(Beginning of Information)

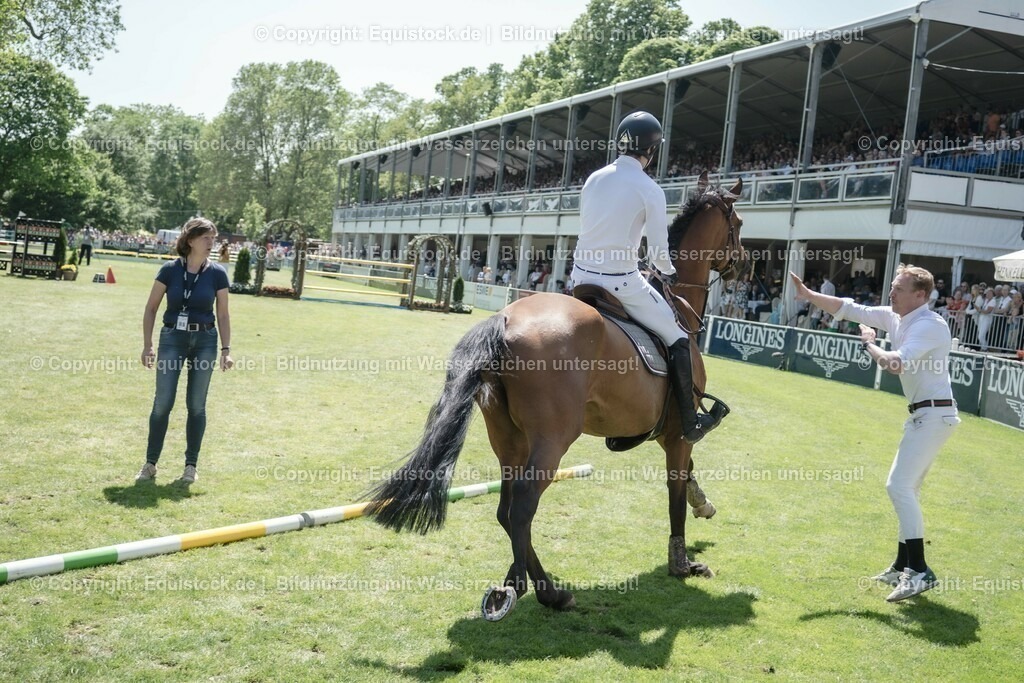 20230528_Jump-and-Drive_0121 | equistock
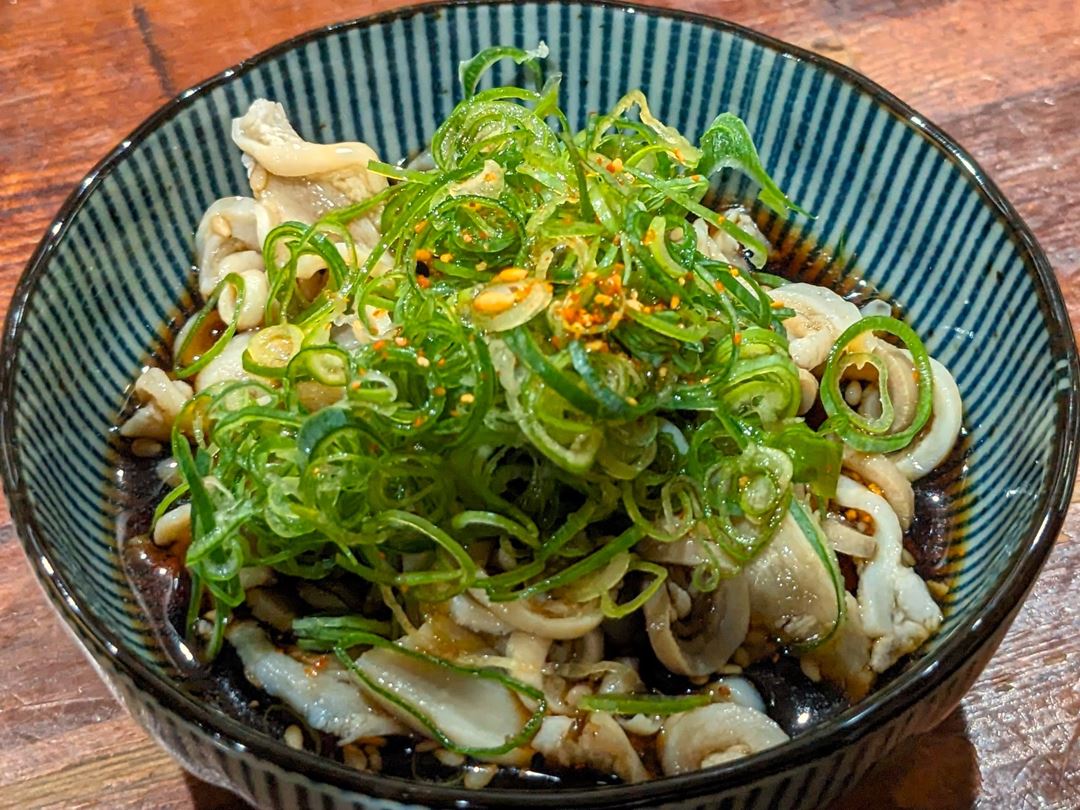 豚ガツポン酢 へんろ笠 ホルモン居酒屋 やきとん 牛レバー 高知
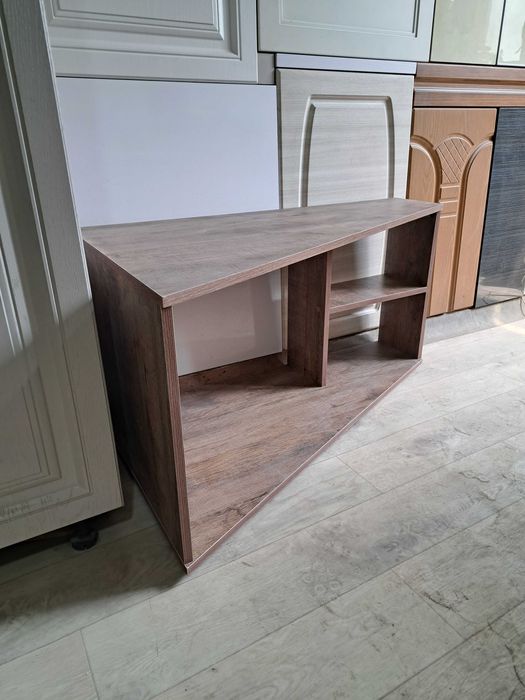 Журнальный столик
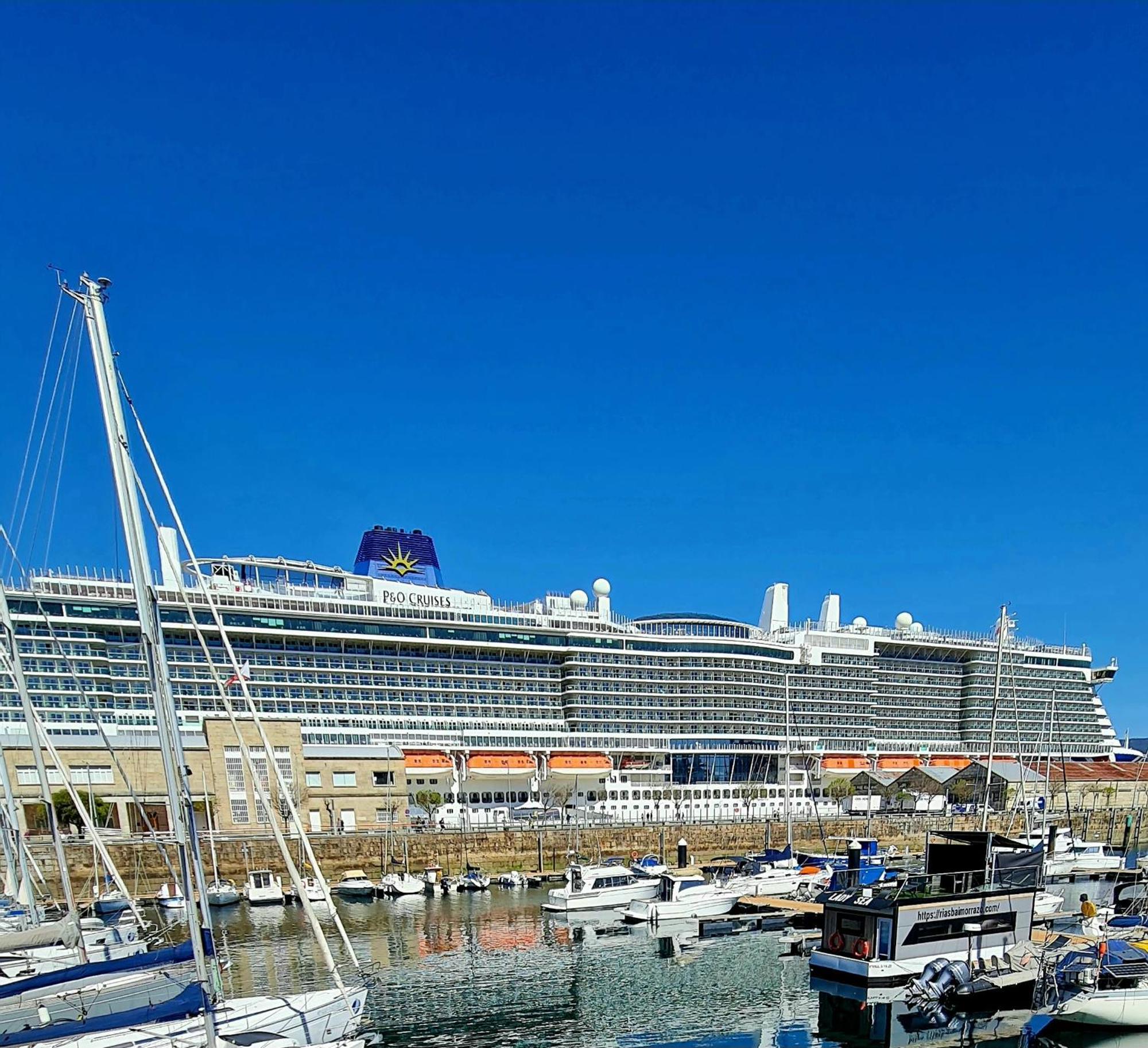 Barco-Apartamento En El Nautico De ヴィーゴ エクステリア 写真
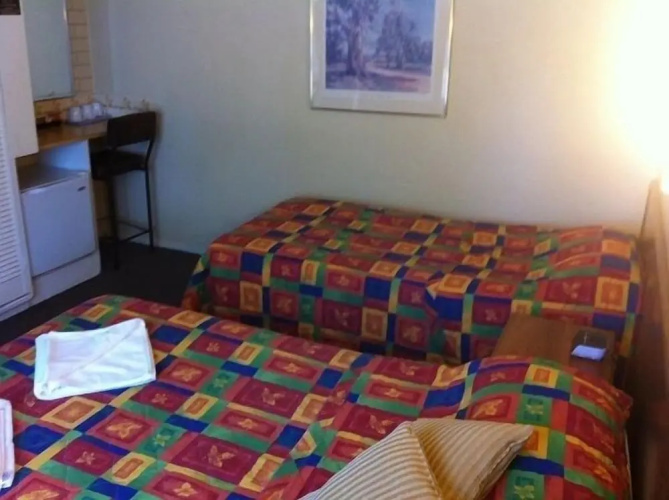 Mayfield Motel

(End of Information)

§ Problem statement: Each line of the material needs to be given again exactly, without any of its pictures.

§ Final answer:
 20230528_Jump-and-Drive_0121 | equistock
 豚ガツポン酢 へんろ笠 ホルモン居酒屋 やきとん 牛レバー 高知
 Журнальный столик
 Barco-Apartamento En El Nautico De ヴィーゴ エクステリア 写真
 Mayfield Motel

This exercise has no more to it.